「二所ノ関部屋の綱打ち式」と大麻草の伝統文化について

こんにちは。HEMPSの松丸です。


先日、第75代横綱・大の里関(二所ノ関部屋)の横綱綱打ち式に参加させていただきました。
改めて大麻草と日本の伝統文化の深い結びつきを、麻事業に携わっているものとしてもお伝えをしたく書かせていただきます。

古来より麻といえば大きな麻(大麻草)のことであり、日本で長年使われてきた非常に馴染みのある植物であります。
また、大麻草と日本文化のつながりは古来より大麻草(麻)は「神聖な植物」として広く活用されてきた事実もあります。

特に有名なのは、神社のしめ縄、鈴緒、また、お供えものを精麻で結ぶこともあります。いずれも大麻草の繊維が使われております。
横綱の綱も、この麻の精神性を受け継いだものであり、単なる装飾ではなく、力士の品格と精神力を示す神聖な文化的象徴にもなっております。

綱打ち式は、本場所前に横綱のための新しい綱を編み上げる伝統行事です。綱は一本一本の大麻繊維を撚り合わせ、力強さと清浄さを兼ね備えた姿に仕上げられます。その様子を目の前で見ると、まさに日本文化における「麻の神聖さ」がいかに大切にされてきたかを実感します。

では、早速ですが、二所ノ関部屋での様子を拝見しましたので、写真と共にご説明させていただきます。

新しく新設された二所ノ関部屋は、大きく広くて木の温もりがある相撲部屋で、入り口に第72代横綱である稀勢の里横綱(現在は二所ノ関親方)の写真が飾られておりました。

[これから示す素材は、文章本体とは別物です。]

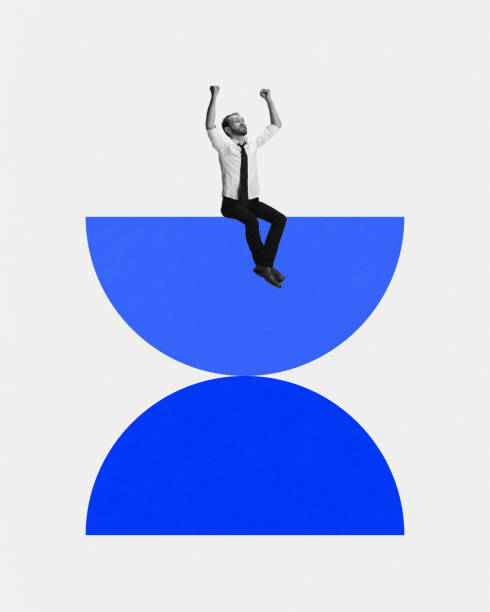 istock Modern aesthetic artwork. Young man sitting, balanced on two semi spheres looks as hourglass and raising hands of joy. Deadlines. 1977315217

他にも、元稀勢の里横綱の横綱も飾られており相撲の歴史を感じられる素晴らしい施設であります。

可愛らしいお相撲さんの陶器や、麻柄の引き窓に月や太陽のモチーフも素敵でした。

稽古をされる土俵が二つつくられている稽古場で綱打ちの準備は始まっておりました。写真ではわかりにくいですが皆さんとても大きいです。

以前に元横綱白鵬関、元横綱稀勢の里関の綱打ちでもご活躍されていたお二人が先頭に立って力士の方々と綱打ちの準備をされておりました。

米糠と一緒に時間をかけて揉み上げ柔らかくなった麻の繊維を純白の木綿と銅線と一緒に寄り上げます。

力士の方々総出で大きな掛け声を一緒にしながら3つの撚った綱を一つの綱にしていく作業が始まりました。大の里横綱も綱を見つめておりました。

撚り上がった綱の中央部分を確認されている様子。真ん中の部分には沢山の麻の繊維が使われているそうです。大きな力士の方と比べても非常に大きいのがわかります。

大切な麻の繊維は、栃木県の麻農家である大森さんの麻で、実際に見ると輝きがあります。

和装されていた大の里横綱が、綱打ちされた綱の仕上げに、土俵に場所を移して整える作業をされております。ここで、本場所の土俵入りの準備をされます。

大きな力士の中でも一際大きな大の里横綱に綱を合わせて準備をされている様子です。

化粧回しが整えられた横綱の姿を見るやいなや、参加者の中から自然に拍手が起こっておりました。190センチ、190キロの横綱の日本人離れした体格にどっしりと綱が収まっている様子が素晴らしいです。紙垂(シデ)を整えてない貴重な写真です。化粧回しには、我即宇宙 宇宙即我 大の里 と書かれております。非常に哲学的であり、「我即宇宙 宇宙即我」という言葉は、仏教や禅の教え、さらには広く東洋哲学において自己と宇宙が一体であることを示す深遠な概念で、この言葉は、二所ノ関親方(元横綱・稀勢の里)が提案したもので、「宇宙という非常に安定しバランスの取れた空間と大の里が一体となり、全力で相撲を取る覚悟を表している」つまり、「自分が動けば宇宙も動く」というほどの力士になってほしいという願いが込められているそうです。

四方を守るという意味でも、四つの紙垂を改めて整え

最後に綱を整えて、場所前の綱打ちは終了いたしました。

終始和やかなムードで、二所ノ関部屋は素晴らしい親方と力士が集まる相撲部屋でした。

大麻草の歴史を未来へ

日本において麻(大麻草)は、衣食住だけでなく、祈りや祭り、文化の中心に存在してきた植物です。しかし近代以降、その価値は一時的に忘れ去られつつあります。
今回「横綱綱打ち式」という伝統行事を通して、大麻草が日本文化にどれほど深く根付いてきたかを改めて感じました。
HEMPSとしても、この歴史と文化を未来へつなぎ、大麻草の持つ可能性を現代の暮らしに生かしていく活動を続けていきたいと思います。

このような機会を与えていただきました関係各者の皆様に深く御礼申し上げます。